_Task to carry out_: Restate word for word the lines in the listing below, starting at the line containing "Halloween Crystal Skull" and ending at the line containing "at 2/118 Pigeon", both included; leave out the rest.

_Input material_:

>>>>>

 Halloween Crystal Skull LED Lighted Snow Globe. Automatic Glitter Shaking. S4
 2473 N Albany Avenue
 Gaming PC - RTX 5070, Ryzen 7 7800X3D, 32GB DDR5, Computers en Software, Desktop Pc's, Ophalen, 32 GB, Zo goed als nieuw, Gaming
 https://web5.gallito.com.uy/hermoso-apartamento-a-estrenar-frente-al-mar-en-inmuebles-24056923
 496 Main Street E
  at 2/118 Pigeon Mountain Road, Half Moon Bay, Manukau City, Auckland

<<<<<
>>>>>

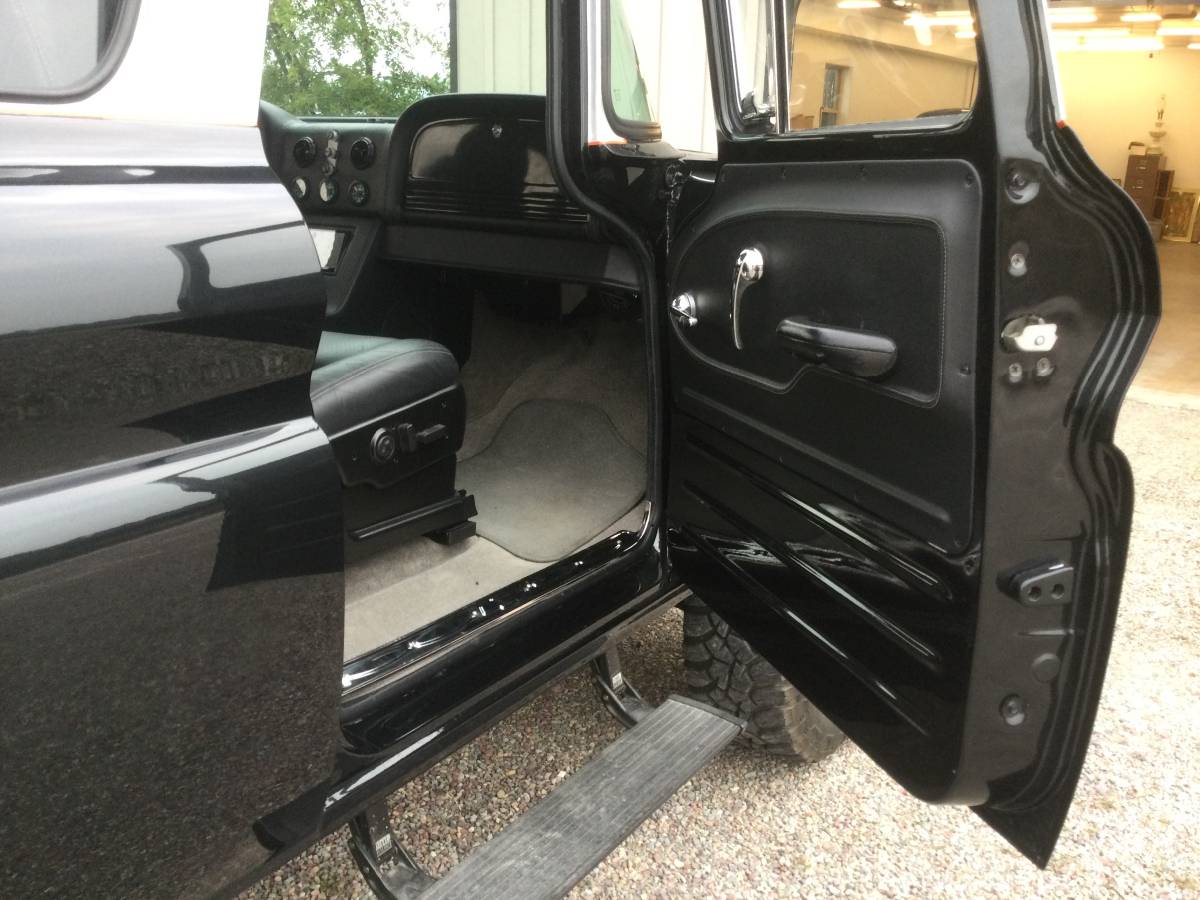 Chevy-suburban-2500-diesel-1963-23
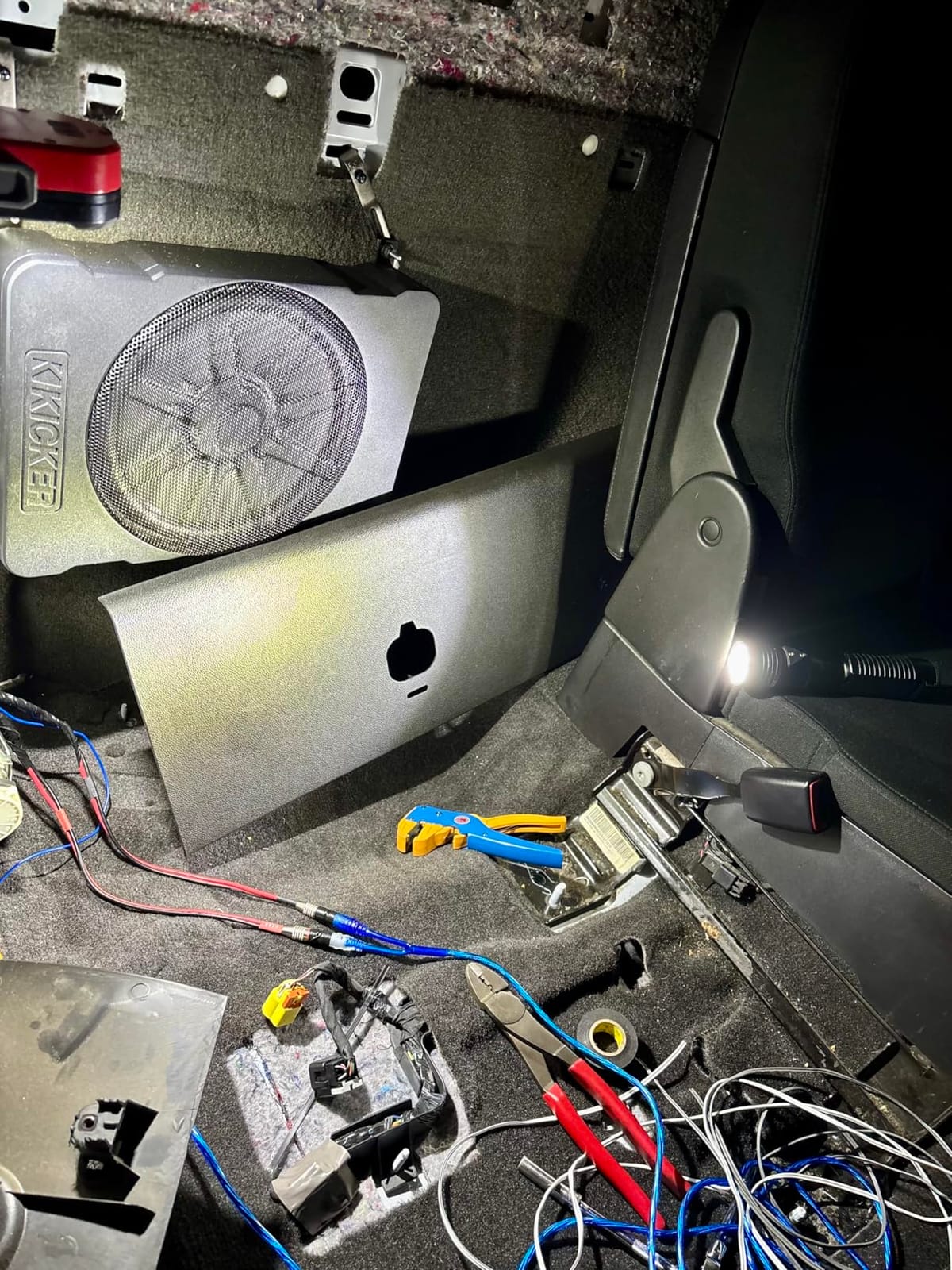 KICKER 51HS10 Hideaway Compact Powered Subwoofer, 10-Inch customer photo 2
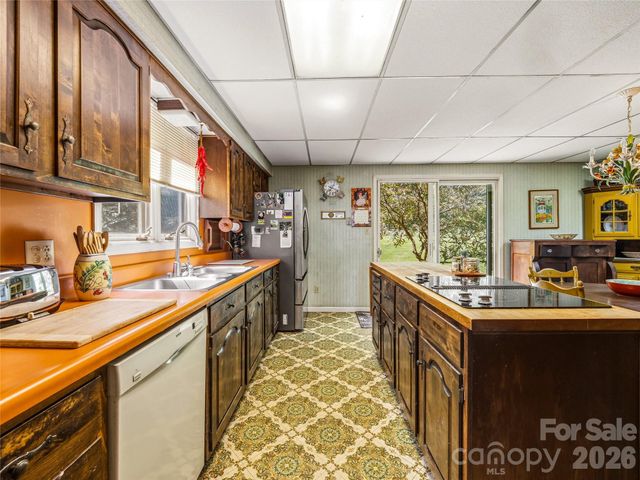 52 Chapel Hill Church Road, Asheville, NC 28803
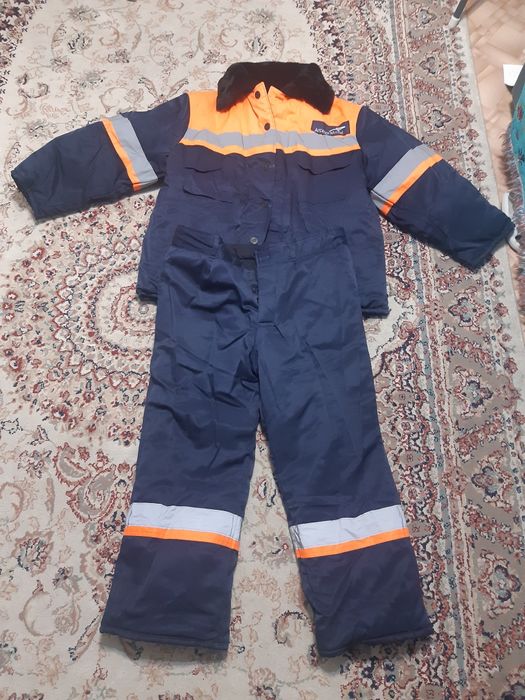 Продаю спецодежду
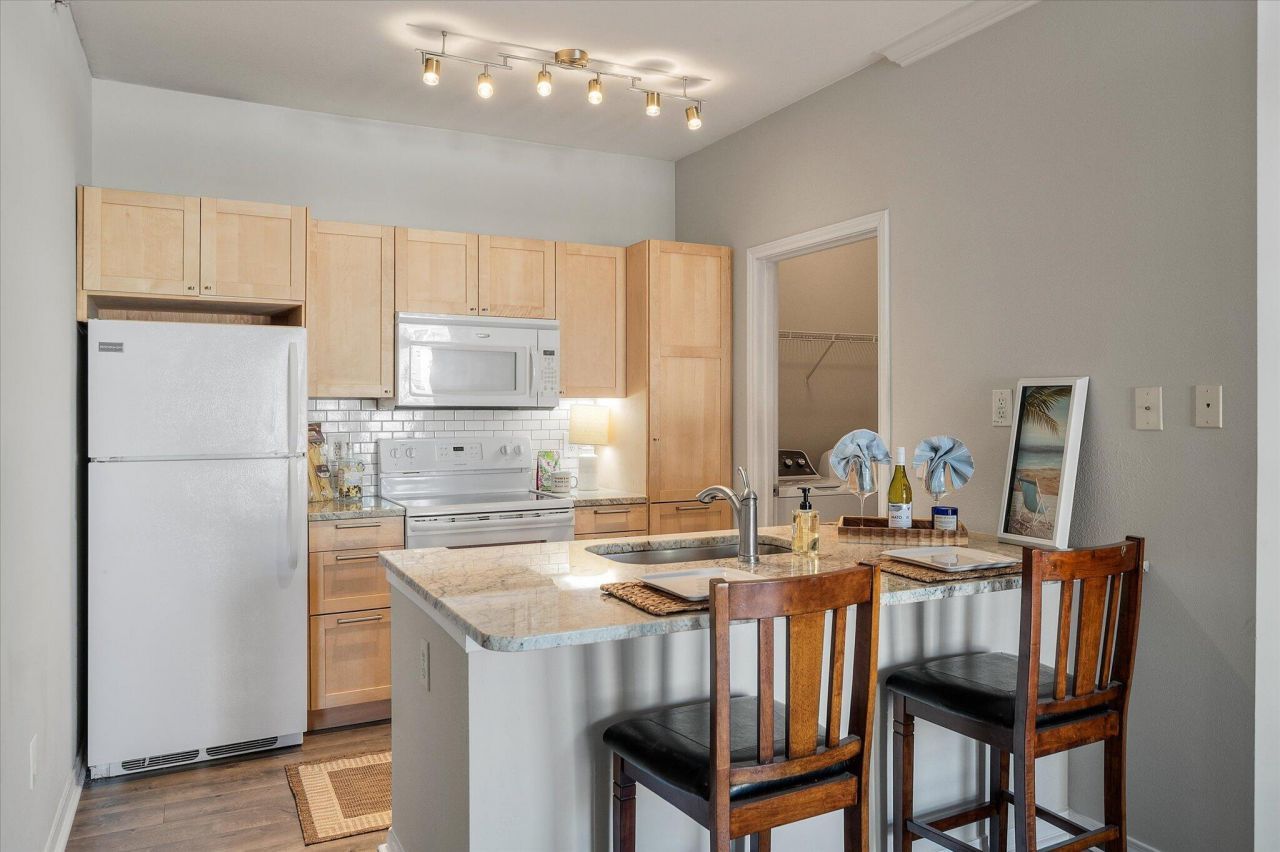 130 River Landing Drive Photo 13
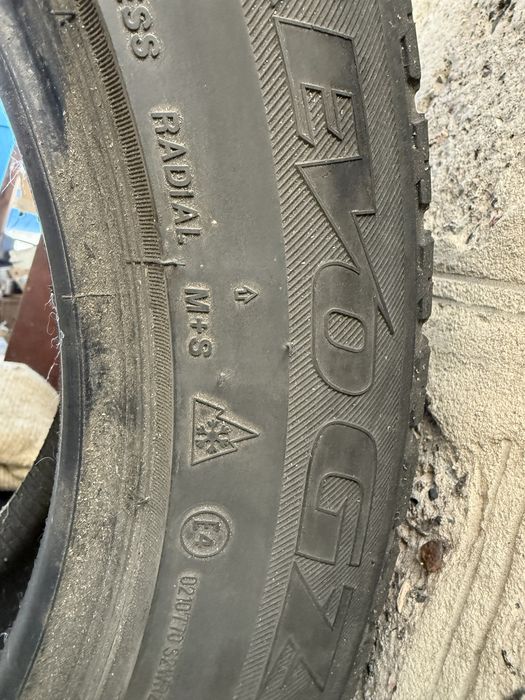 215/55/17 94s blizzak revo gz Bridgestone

<<<<<
>>>>>

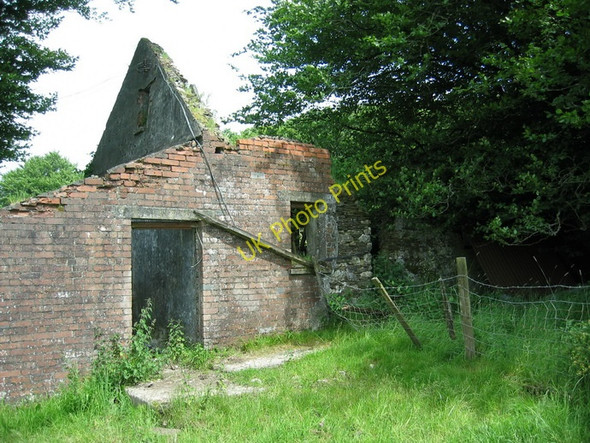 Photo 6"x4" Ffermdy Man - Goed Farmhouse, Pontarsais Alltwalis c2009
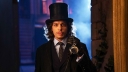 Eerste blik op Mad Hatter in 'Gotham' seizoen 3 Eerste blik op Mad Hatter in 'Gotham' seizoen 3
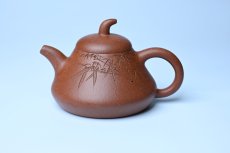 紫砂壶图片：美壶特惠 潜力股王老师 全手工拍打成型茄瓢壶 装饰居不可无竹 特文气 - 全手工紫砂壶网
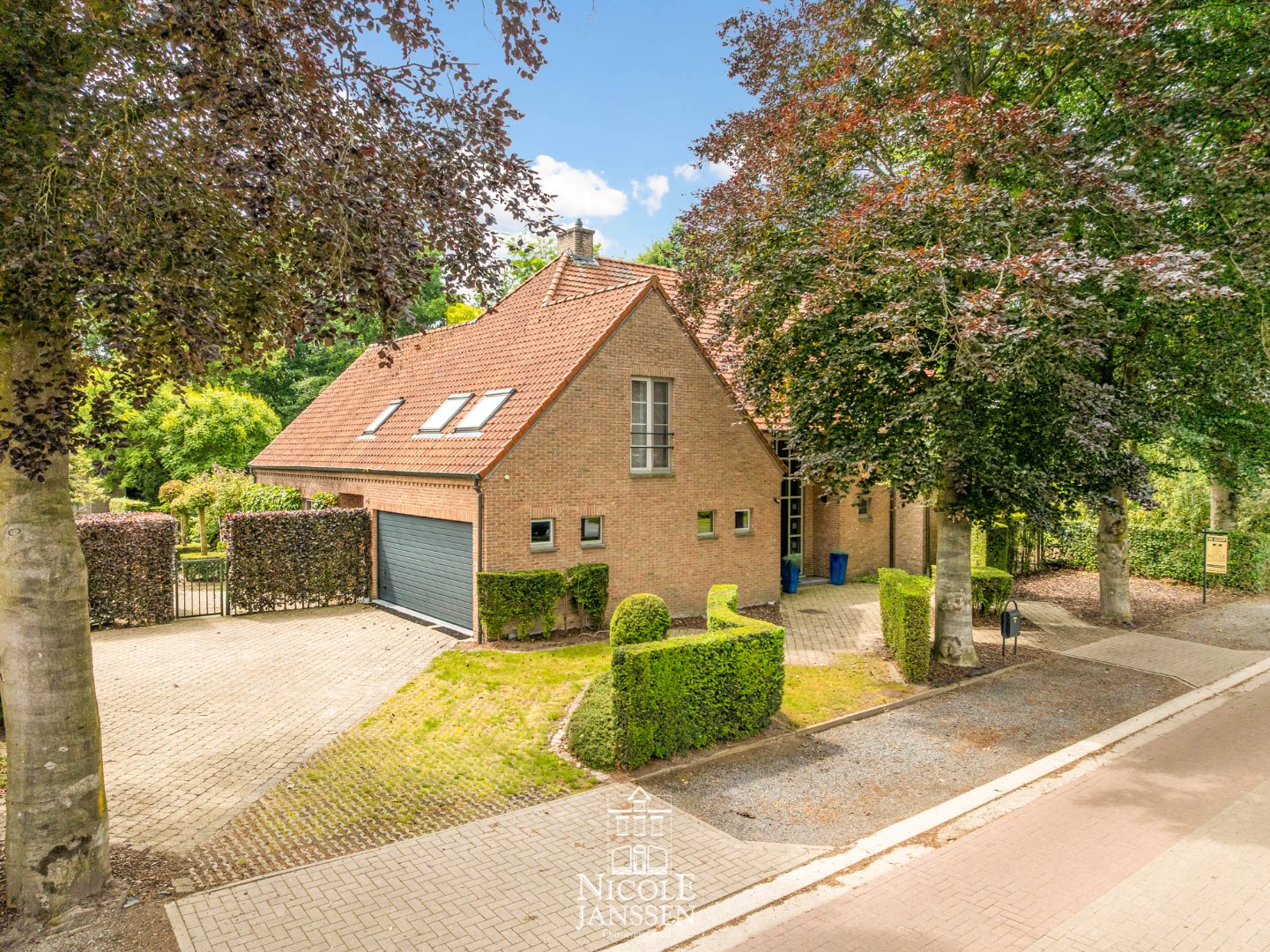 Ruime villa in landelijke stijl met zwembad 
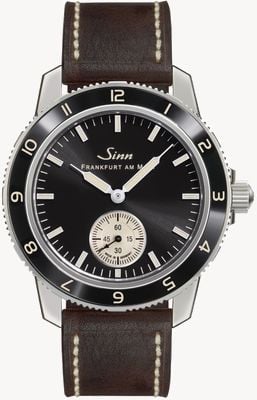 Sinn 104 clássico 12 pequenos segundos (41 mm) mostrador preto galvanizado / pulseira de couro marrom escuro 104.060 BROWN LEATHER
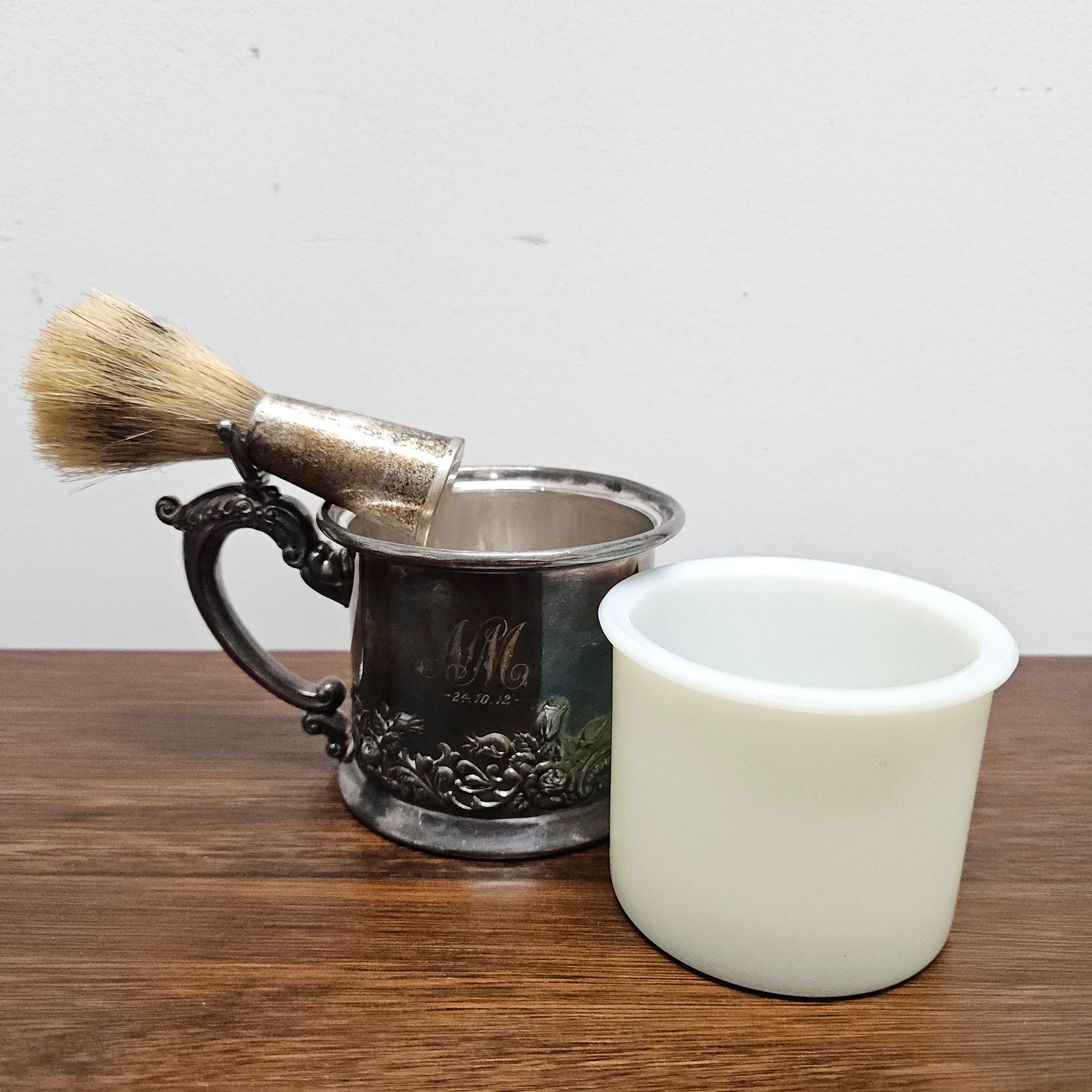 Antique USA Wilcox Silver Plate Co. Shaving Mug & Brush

<<<<<

_Response_:
 Halloween Crystal Skull LED Lighted Snow Globe. Automatic Glitter Shaking. S4
 2473 N Albany Avenue
 Gaming PC - RTX 5070, Ryzen 7 7800X3D, 32GB DDR5, Computers en Software, Desktop Pc's, Ophalen, 32 GB, Zo goed als nieuw, Gaming
 https://web5.gallito.com.uy/hermoso-apartamento-a-estrenar-frente-al-mar-en-inmuebles-24056923
 496 Main Street E
  at 2/118 Pigeon Mountain Road, Half Moon Bay, Manukau City, Auckland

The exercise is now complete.